Does a non-disclosure agreement actually matter in protecting trade secrets?
A well and precisely drafted non-disclosure agreement provides protection. However, the following issues need to be considered in the agreement:
- The use of just any template is not recommended. A non-disclosure agreement should always be drafted appropriate for the purpose.
- What matters, in particular, is how the information to be kept secret is defined, what the scope of application of the agreement is, what the rights and obligations of the agreement parties are, and whether both the agreement parties disclose confidential information or only one - and, naturally, the validity period of the agreement.
- To make the agreement obligations more effective when critical information, in particular, is disclosed, a penalty clause could be considered. To obtain compensation based on a violation of an agreement, there is no need to show a damage, but a mere violation of the agreement is adequate grounds for compensation. The damages resulting from violations of non-disclosure agreements are usually indirect, that is, so-called consequential damages whose realisation may be difficult to prove.

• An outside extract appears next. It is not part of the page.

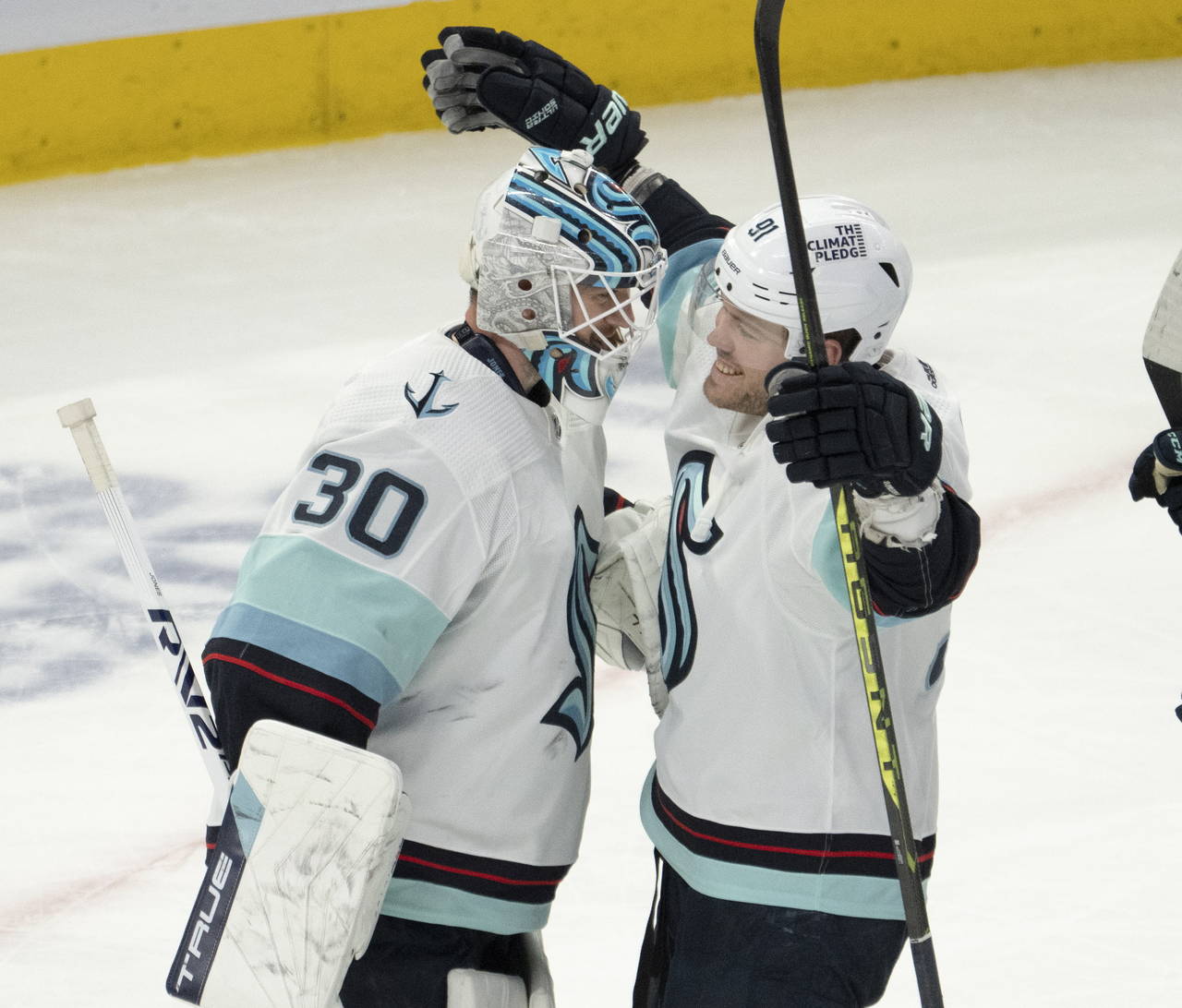 Seattle Kraken goaltender Martin Jones (30) celebrates with teammate Daniel Sprong (91) after shutt...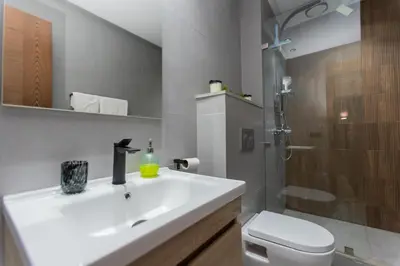 a bathroom with a white sink and a shower at Appartement cosy et moderne Bouskoura proche Aéroport et Hopital universitaire in Bouskoura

- Despite a well-drafted agreement and a penalty clause agreed on, details on trade secrets or, for example, technology being developed should never be revealed to any greater extent than appropriate. Often, when discussing with potential cooperation partners, in particular, the temptation exists to tell everything about a new technology being developed, but discretion is well worth its while. In these situations, too, opportunity makes a thief.
- A non-disclosure agreement should be signed before confidential matters are discussed or disclosed for the first time.
- Do remember that an invention becoming public prevents its patenting.